Task description: Transcribe, starting at the line with "Hello, I am" and ending at the line with "Now you have", every line of the material below exactly, but leave out the pictures and anything outside that span.

BEGIN Provided material

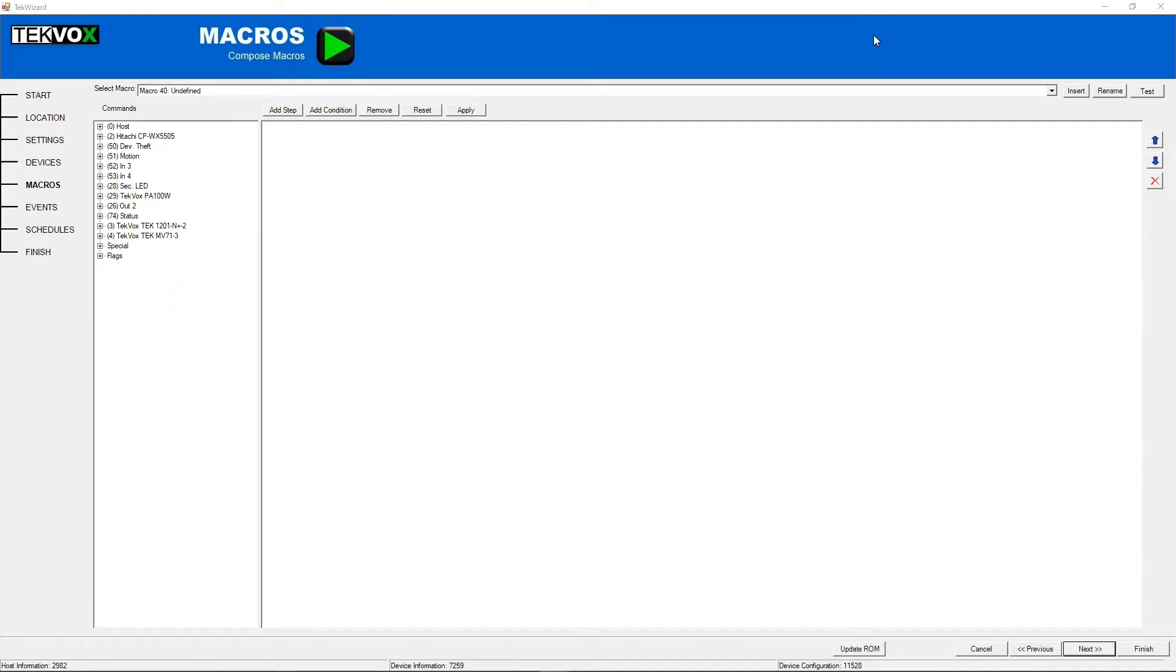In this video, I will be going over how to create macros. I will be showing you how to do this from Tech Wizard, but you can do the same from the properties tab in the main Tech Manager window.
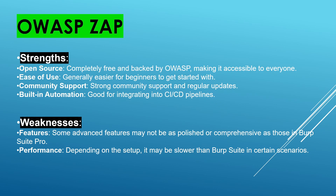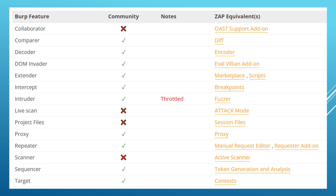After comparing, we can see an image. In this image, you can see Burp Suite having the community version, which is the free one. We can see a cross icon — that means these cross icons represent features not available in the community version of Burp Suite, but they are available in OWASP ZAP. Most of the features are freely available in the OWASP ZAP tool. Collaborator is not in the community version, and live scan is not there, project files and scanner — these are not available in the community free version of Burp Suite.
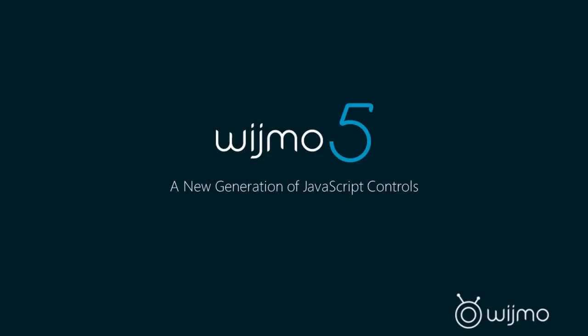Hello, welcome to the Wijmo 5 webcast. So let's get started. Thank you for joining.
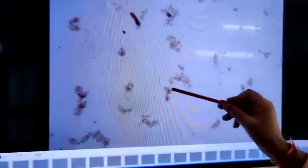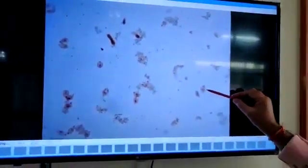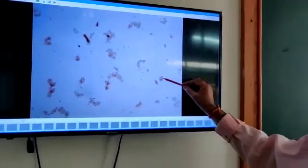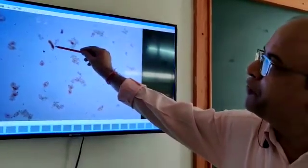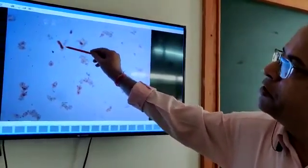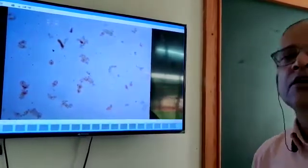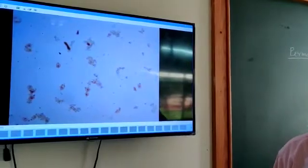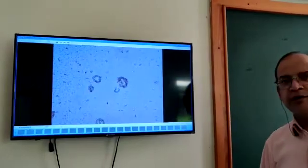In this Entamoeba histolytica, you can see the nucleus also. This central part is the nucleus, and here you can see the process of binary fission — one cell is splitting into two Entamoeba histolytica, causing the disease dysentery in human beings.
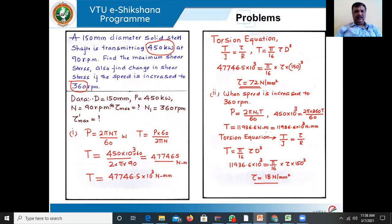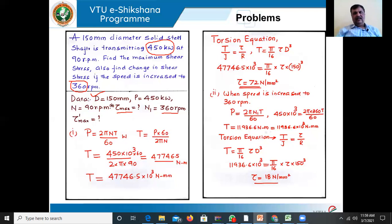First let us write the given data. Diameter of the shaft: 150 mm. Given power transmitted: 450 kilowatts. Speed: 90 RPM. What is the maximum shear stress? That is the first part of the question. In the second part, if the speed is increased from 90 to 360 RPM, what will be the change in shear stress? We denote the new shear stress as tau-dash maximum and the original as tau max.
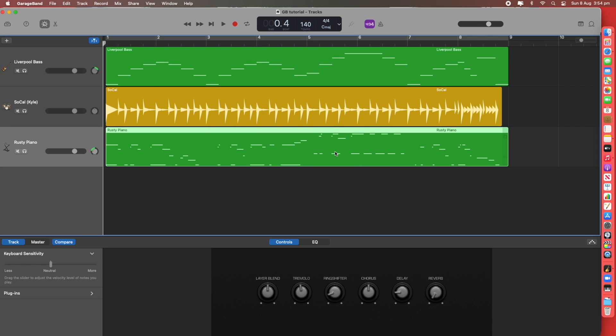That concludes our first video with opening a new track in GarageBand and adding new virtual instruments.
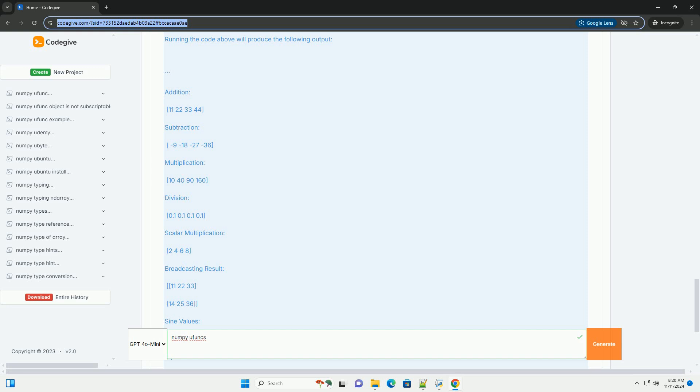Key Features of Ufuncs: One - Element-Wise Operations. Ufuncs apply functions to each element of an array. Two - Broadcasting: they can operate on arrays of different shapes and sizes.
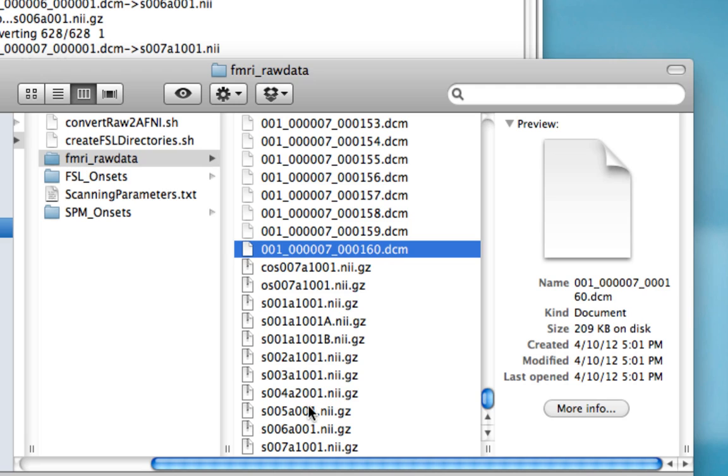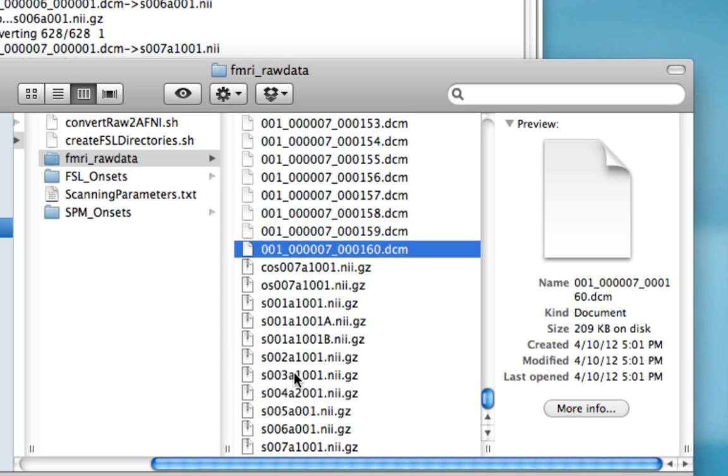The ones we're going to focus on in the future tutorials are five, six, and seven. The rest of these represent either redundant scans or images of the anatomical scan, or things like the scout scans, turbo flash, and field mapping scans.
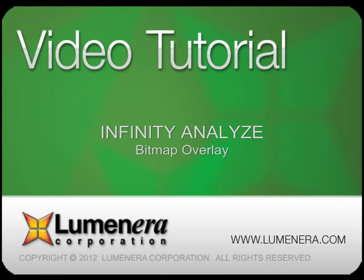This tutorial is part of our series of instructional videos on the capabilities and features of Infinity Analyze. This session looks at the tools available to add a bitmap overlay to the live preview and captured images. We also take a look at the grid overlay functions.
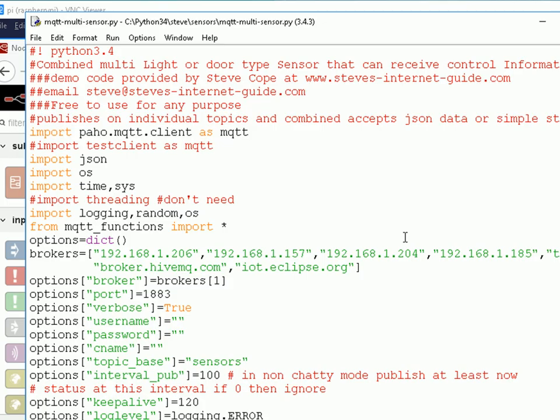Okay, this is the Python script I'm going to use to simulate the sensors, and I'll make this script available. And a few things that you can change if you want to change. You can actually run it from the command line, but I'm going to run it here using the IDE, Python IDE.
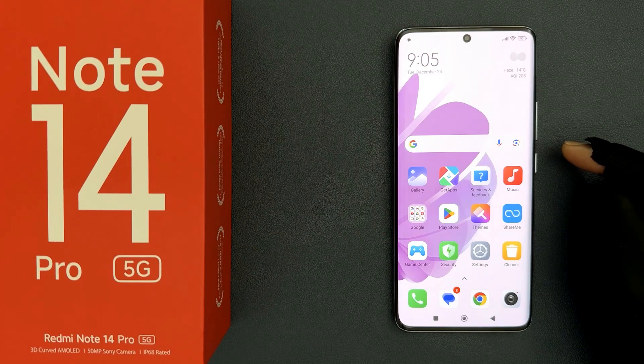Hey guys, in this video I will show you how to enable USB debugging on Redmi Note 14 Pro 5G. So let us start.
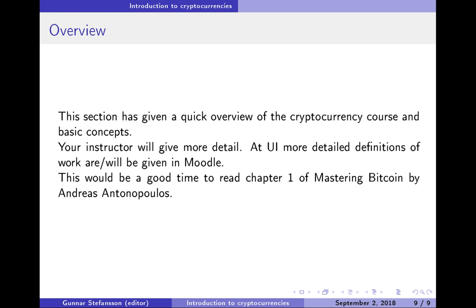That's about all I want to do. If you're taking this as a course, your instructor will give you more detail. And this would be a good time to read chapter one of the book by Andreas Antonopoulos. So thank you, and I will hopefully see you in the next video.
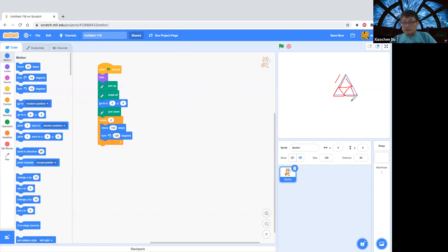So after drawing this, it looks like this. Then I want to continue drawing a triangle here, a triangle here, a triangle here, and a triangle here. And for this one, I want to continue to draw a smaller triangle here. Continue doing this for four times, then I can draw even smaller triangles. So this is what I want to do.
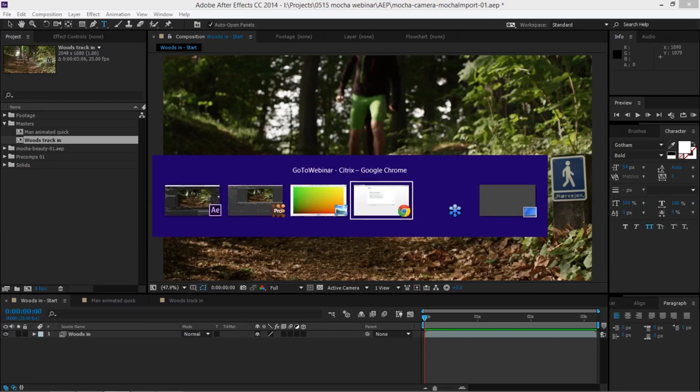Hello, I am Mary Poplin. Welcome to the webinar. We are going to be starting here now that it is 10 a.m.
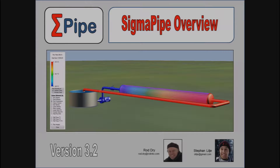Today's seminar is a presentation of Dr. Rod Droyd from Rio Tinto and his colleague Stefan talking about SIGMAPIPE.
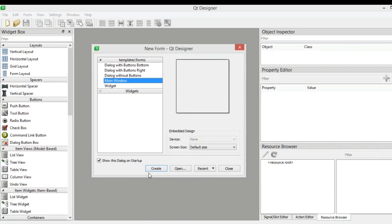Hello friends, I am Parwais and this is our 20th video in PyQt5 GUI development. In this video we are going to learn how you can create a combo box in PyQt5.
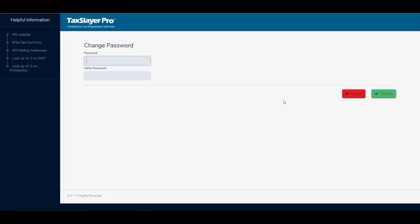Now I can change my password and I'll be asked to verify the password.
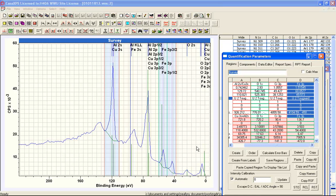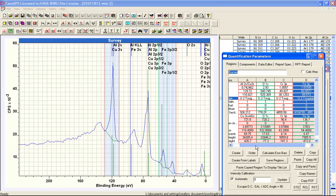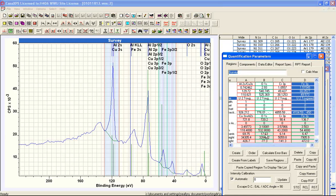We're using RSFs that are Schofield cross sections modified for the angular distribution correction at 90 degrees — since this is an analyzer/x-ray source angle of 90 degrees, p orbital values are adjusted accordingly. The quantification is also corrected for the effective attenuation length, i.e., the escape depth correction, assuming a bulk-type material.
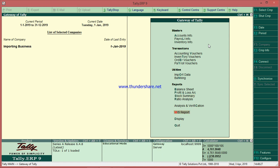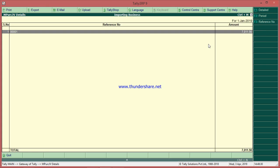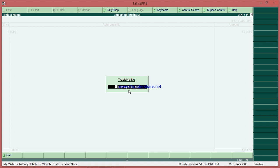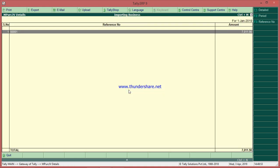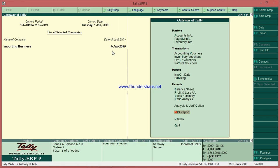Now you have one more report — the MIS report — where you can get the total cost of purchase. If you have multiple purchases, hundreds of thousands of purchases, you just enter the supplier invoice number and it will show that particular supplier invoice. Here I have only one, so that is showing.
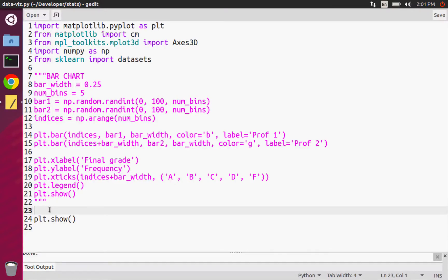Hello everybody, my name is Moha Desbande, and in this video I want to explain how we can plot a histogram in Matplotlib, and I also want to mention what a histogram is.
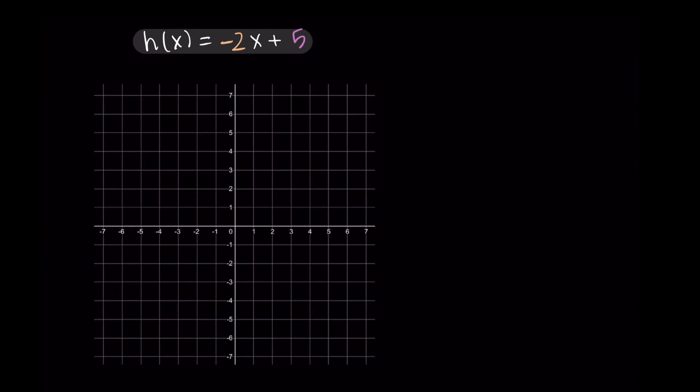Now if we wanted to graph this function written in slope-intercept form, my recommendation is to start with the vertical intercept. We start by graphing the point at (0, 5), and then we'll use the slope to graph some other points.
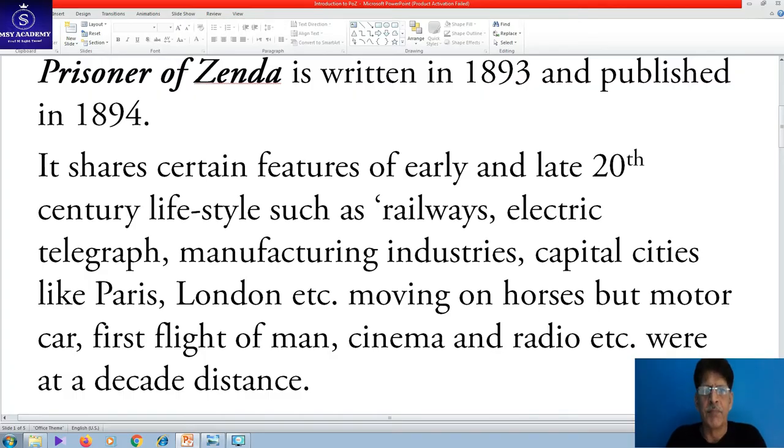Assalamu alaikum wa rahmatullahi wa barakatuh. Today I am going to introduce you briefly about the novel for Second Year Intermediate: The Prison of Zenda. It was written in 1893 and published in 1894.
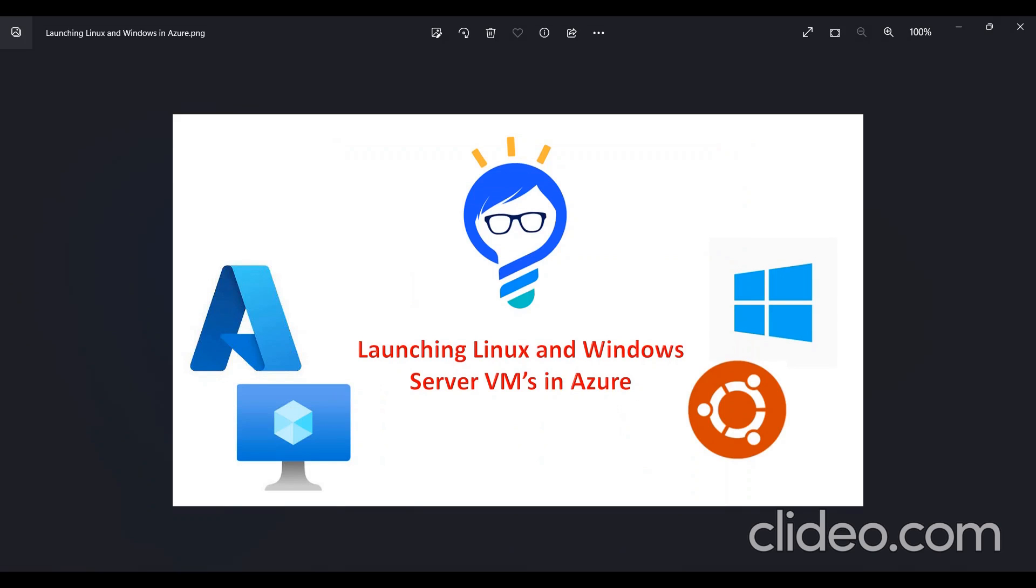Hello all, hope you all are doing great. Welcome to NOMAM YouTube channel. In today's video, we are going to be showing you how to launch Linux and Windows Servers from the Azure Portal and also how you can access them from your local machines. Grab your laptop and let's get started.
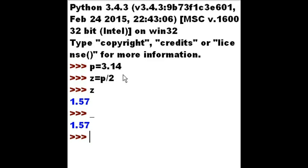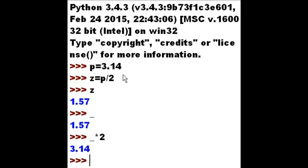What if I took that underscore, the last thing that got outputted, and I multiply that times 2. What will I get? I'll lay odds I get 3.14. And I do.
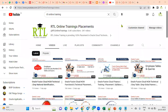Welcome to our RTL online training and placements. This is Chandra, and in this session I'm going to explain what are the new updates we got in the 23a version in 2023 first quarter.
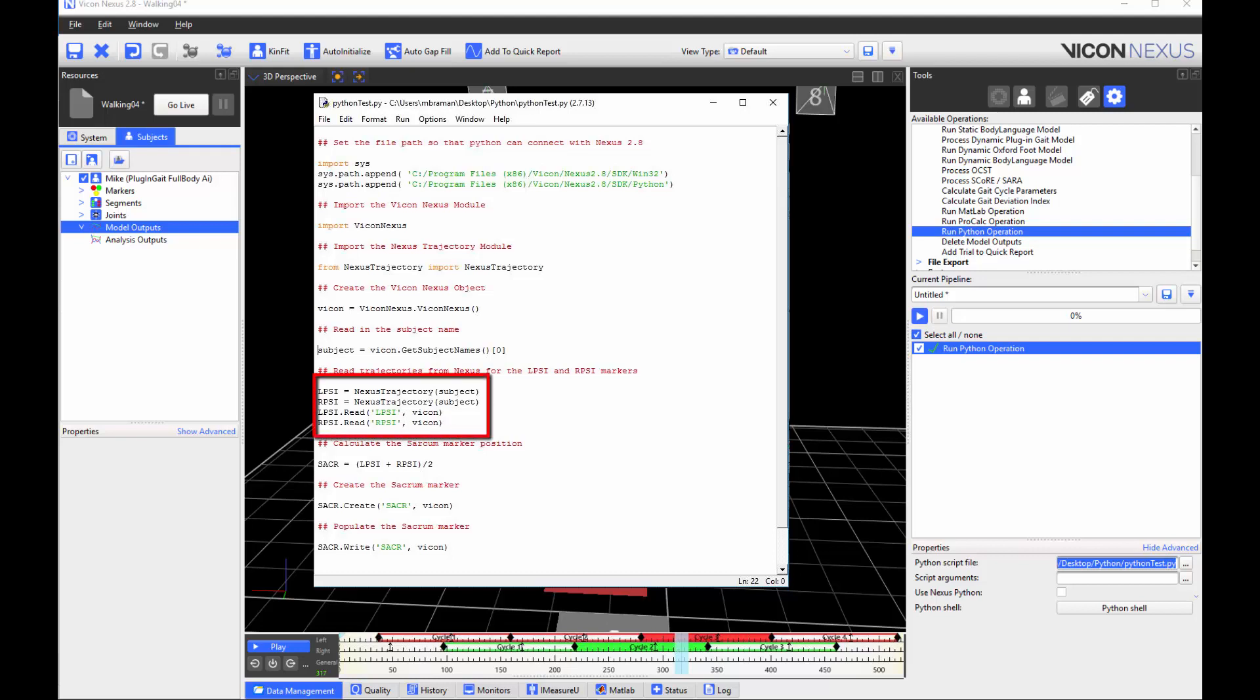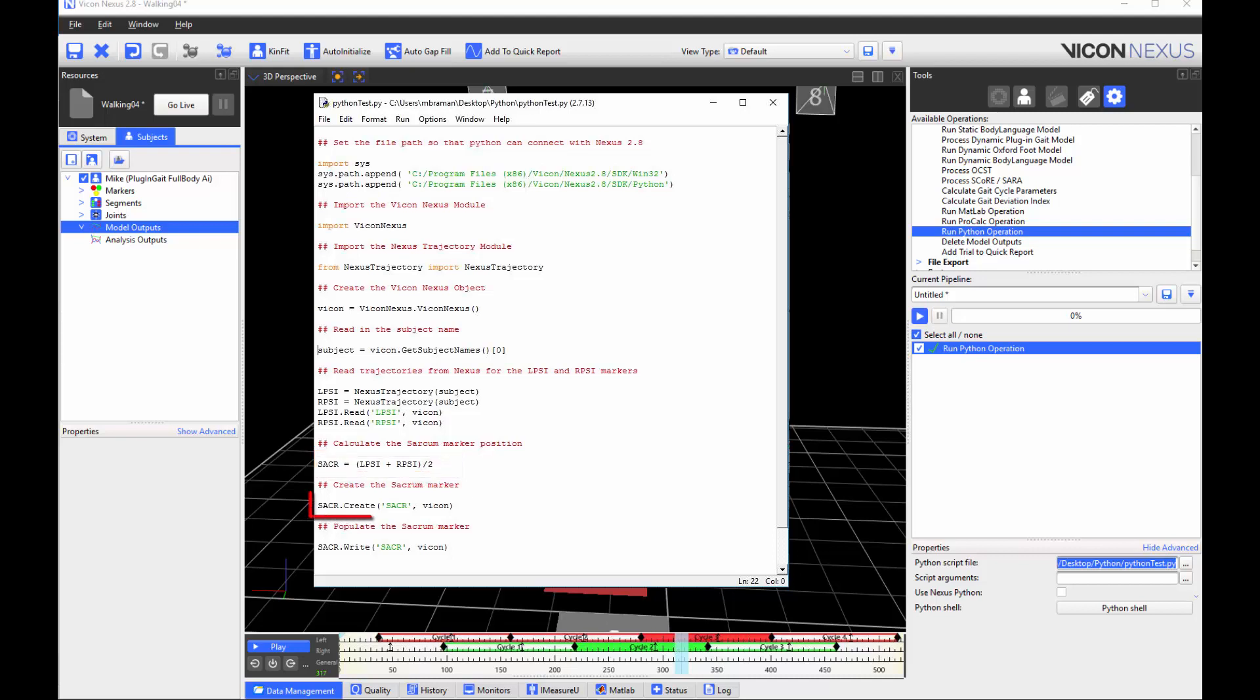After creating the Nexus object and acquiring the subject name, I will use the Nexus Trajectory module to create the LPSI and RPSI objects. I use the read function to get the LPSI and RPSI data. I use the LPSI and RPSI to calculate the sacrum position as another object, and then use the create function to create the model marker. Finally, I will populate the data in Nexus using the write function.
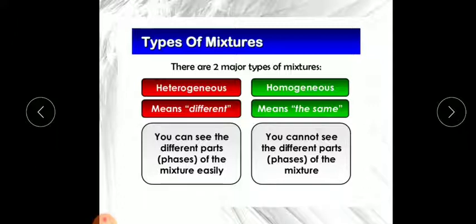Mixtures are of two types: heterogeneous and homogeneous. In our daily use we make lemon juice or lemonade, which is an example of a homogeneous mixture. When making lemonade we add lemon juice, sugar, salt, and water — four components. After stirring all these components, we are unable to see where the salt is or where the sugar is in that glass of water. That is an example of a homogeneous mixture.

END Provided material

Your solution:
Hello, I am Mary Poplin. Welcome to the webinar. We are going to be starting here now that it is 10 a.m.
Today's seminar is a presentation of Dr. Rod Droyd from Rio Tinto and his colleague Stefan talking about SIGMAPIPE.
Hello friends, I am Parwais and this is our 20th video in PyQt5 GUI development. In this video we are going to learn how you can create a combo box in PyQt5.
Now I can change my password and I'll be asked to verify the password.
We're using RSFs that are Schofield cross sections modified for the angular distribution correction at 90 degrees — since this is an analyzer/x-ray source angle of 90 degrees, p orbital values are adjusted accordingly. The quantification is also corrected for the effective attenuation length, i.e., the escape depth correction, assuming a bulk-type material.
Now you have one more report — the MIS report — where you can get the total cost of purchase. If you have multiple purchases, hundreds of thousands of purchases, you just enter the supplier invoice number and it will show that particular supplier invoice. Here I have only one, so that is showing.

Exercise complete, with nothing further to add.